かっぱの書棚

ライトノベルの感想などを書きます

29とJK 8 ~そして社畜は今日も働く~/裕時 悠示

 

29とJK8 ~そして社畜は今日も働く~ (GA文庫)
 

 お気に入り度:★★★★★

 

<感想>

社畜とJKが織りなすお仕事ラブコメ完結!!

「これだけは言っておきます。社畜にプライドはないが、魂はある」
尊敬していた編集者、御旗と訣別し、自社のサイトでお仕事小説の連載を発表した槍羽。執筆を担当の花恋は、取材のため、変装してコールセンターの現場で働くことに。

「――この程度で済むと思うなよ」
御旗の影響力により、様々な妨害を受ける槍羽だったが、思わぬ周囲の助けもあり、準備を進めていく。

一方、御旗の会社より、損害賠償に関しての連絡が届き、鋭二と御旗は、直接対決することとなった――。
「人は、いつだって、自分が今いる場所を踏みしめるしかない」
〝禁断の〟年の差ラブコメ第8弾!

完結が寂しいと思ったのは僕だけではないでしょう。既存シリーズの作品のなかでも大好きな作品だっただけにつらい気持ちもありますが社畜物語の完結に拍手を送りたい。

 

シリーズ開始こそ流行りの年の差ラブコメなんでしょ? と高をくくっていた僕ではありますが、立ちはだかる壁に立ち向かう雄々しい物語であったり、大人になってできるようになったこととできなくなったことであったり、その余りの熱量に虜にされた一人でした。

 

最後までぶれずにポップなラブコメに振るのではなくて、夢という呪縛から解き放たれた大人の物語として描き切ったのは最高のラストだと感じました。

 

シリーズ全体のことを話し始めればキリがないので本巻の話をしますが、僕は御旗廉太郎のことをどうしても嫌いになれない。確かにイヤな奴だ。汚いことだってするし、誠実じゃないように受け取れたりもする。

 

けれど、それは彼があまりに純粋すぎたからなんだろうと読み終わった今では思う。こんなに面白い物語が売れないのはおかしい。出版不況の今日だからこそ、読者の僕らだって度々思うことだ。人気低迷、打ち切り、絶版。僕らの大好きな作品が今日も多くの人に掘り当ててもらえずに眠る毎日だ。

 

だったら誠心誠意、真心を込めて、それも自身の子供かのように育てた間違いなく面白いはずの作品が売れなかったとき、作者や編集者の胸にわだかまる感情への名前の付け方を僕は知らない。
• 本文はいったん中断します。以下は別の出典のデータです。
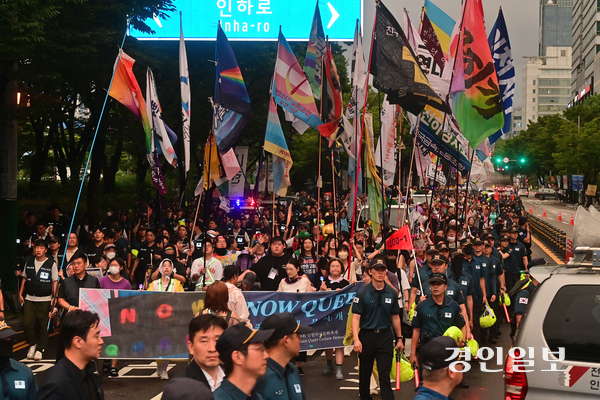 인천퀴어문화축제 장소로 인천시청 앞 광장을 쓰지 못하게 한 인천시의 처분을 취소하라는 법원의 판결이 나왔다. 사진은 지난해 열린 ‘제8회 인천 퀴어문화축제’를 마친 참가자들이 거리행진을 하는 모습. /경인일보DB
「これさ、本当に良い作品なんだよ。いい本なんだ。面白いんだ、本当に。名作。ぼくのなかでは、本当にこれが一番……」

御旗の最後の言葉が今も僕の中に響いています。きっと心の根っこではそのかつてのトラウマだけが彼を苦しみ続けていたのだなと思います。

 

ネコオ先生と沙樹の関係性もシリーズを追いかけ続けてきた身からすると、とても感慨深いものがあるなと感じます。御旗が苦しんだように、二人だって苦しみ続けて、ようやく悪夢のような呪縛から解放されたのだろうなと胸が温かくなりました。

 

合同説明会での槍羽の言葉もとても心に残りました。確かに人が生きていく限り、来るかもしれない明日を追いかけてしまうし、昨日に囚われてしまうこともある。けれど、生きているのは"今日"であることに違いなくて。

 

明日こそはと願い続けただけの昨日の自分を乗り越えて、新しく手に入れた物を大事にしていこうという彼の心意気は、自分はあまり動かずに周りの人を信頼して任せた最終巻の彼の姿から如実に読み取ることができます。

 

つらいがどうした。きついがどうした。それでも、今日も仕事に行くんだよ!

 

僕も働くのは決して好きではありません。辞めてやりたいと何度も思ったし、隕石が会社だけを潰してくれないかなと物騒なことを思ったことだってあります。それでも、今日だけはそれでも、ちょっとだけ仕事をしてもいいのかなって、そんな気持ちになりました。